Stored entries

------------------------------------------------------------------------

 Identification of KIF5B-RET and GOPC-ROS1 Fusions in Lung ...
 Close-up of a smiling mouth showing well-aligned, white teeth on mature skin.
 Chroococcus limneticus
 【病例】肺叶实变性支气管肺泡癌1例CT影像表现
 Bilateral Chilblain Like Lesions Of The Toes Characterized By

------------------------------------------------------------------------

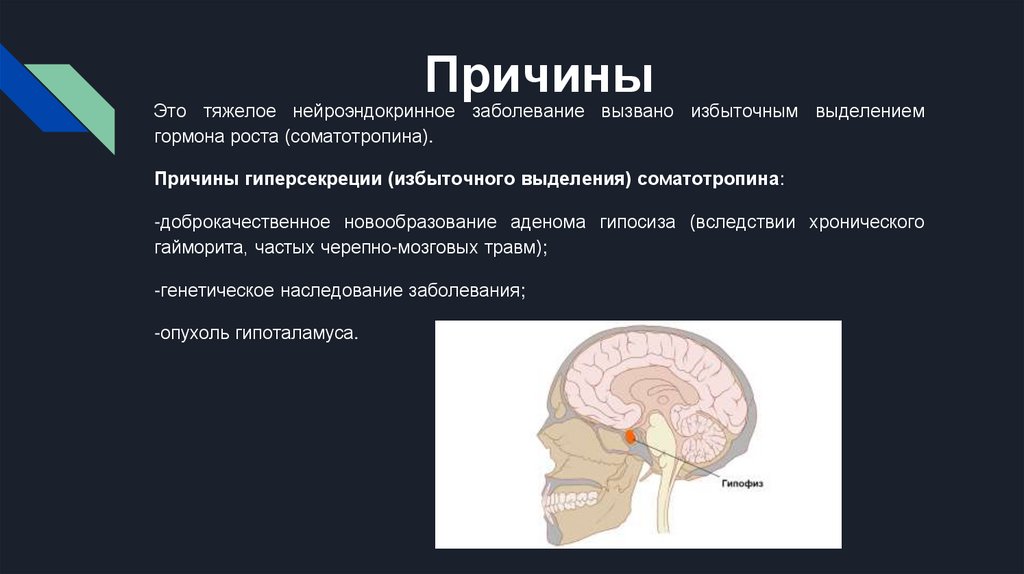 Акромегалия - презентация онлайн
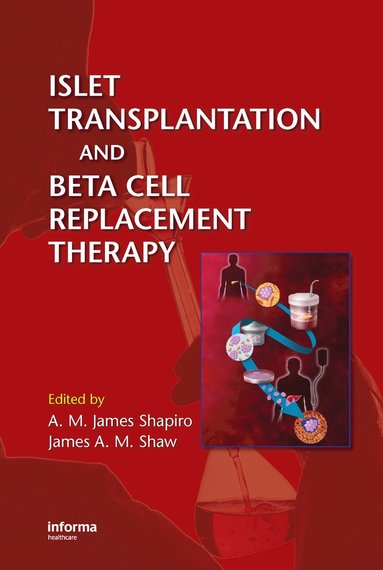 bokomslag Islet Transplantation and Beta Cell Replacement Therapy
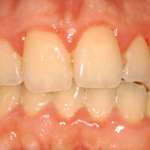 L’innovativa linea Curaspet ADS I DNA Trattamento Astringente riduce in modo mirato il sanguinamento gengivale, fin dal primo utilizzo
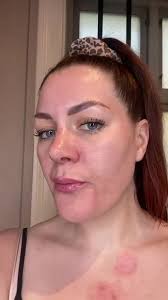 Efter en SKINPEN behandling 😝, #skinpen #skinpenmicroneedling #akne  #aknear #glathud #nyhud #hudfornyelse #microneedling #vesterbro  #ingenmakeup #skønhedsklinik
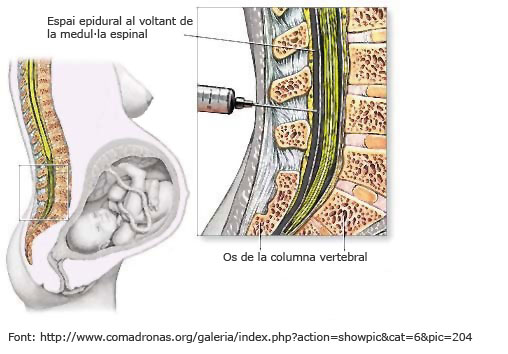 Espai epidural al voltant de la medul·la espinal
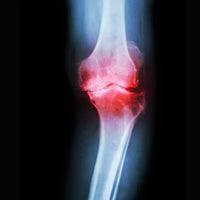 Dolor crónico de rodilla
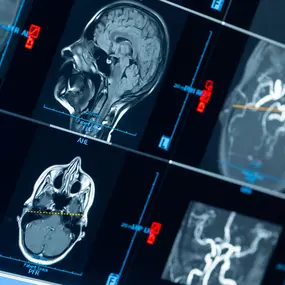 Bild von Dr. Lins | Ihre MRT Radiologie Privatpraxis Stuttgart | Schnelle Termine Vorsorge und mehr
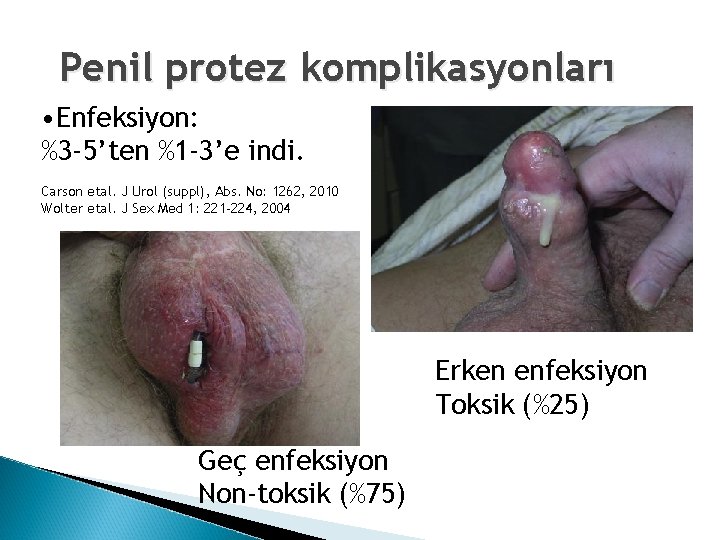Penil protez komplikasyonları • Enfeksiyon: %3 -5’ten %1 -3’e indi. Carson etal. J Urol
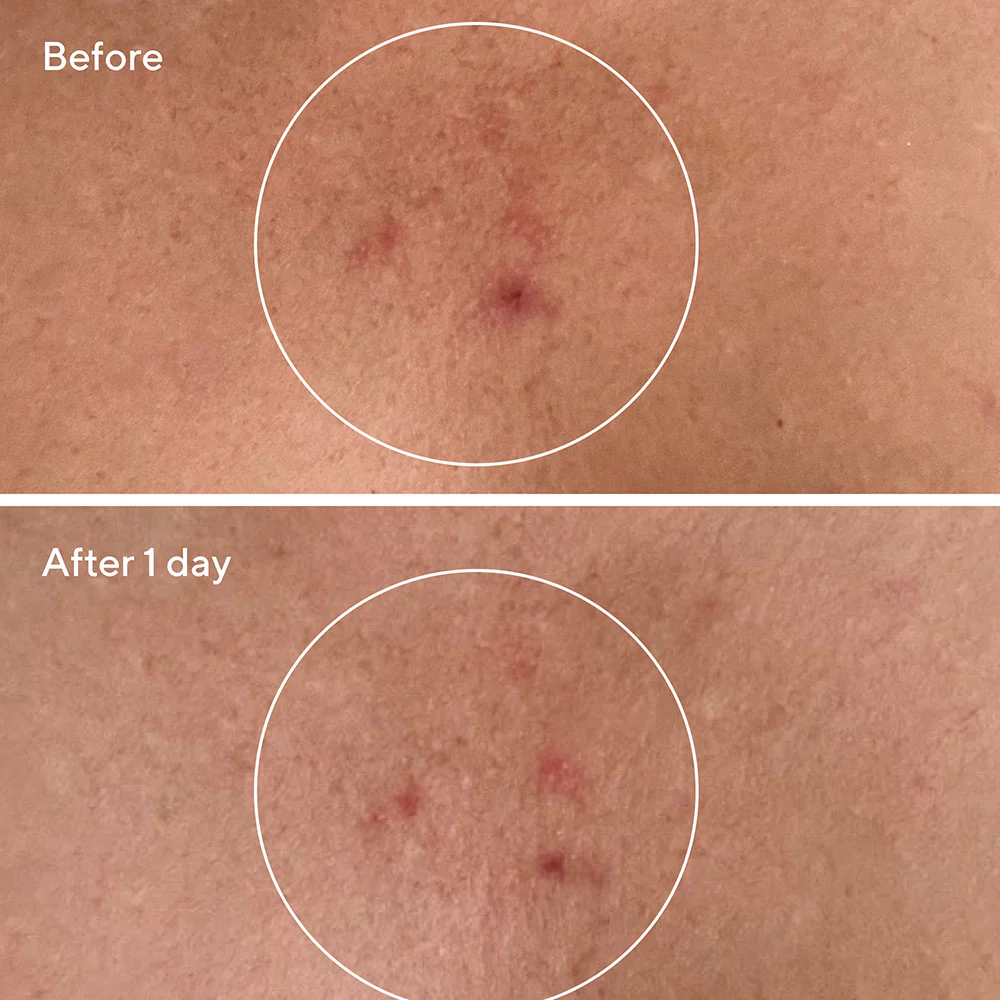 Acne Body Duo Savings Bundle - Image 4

------------------------------------------------------------------------

Work task: Among the records above, a stretch begins at the line containing "Identification of KIF5B-RET" and ends at the line containing "Bilateral Chilblain Like". Restate that stretch word for word, and nothing else.

Result of this task:
 Identification of KIF5B-RET and GOPC-ROS1 Fusions in Lung ...
 Close-up of a smiling mouth showing well-aligned, white teeth on mature skin.
 Chroococcus limneticus
 【病例】肺叶实变性支气管肺泡癌1例CT影像表现
 Bilateral Chilblain Like Lesions Of The Toes Characterized By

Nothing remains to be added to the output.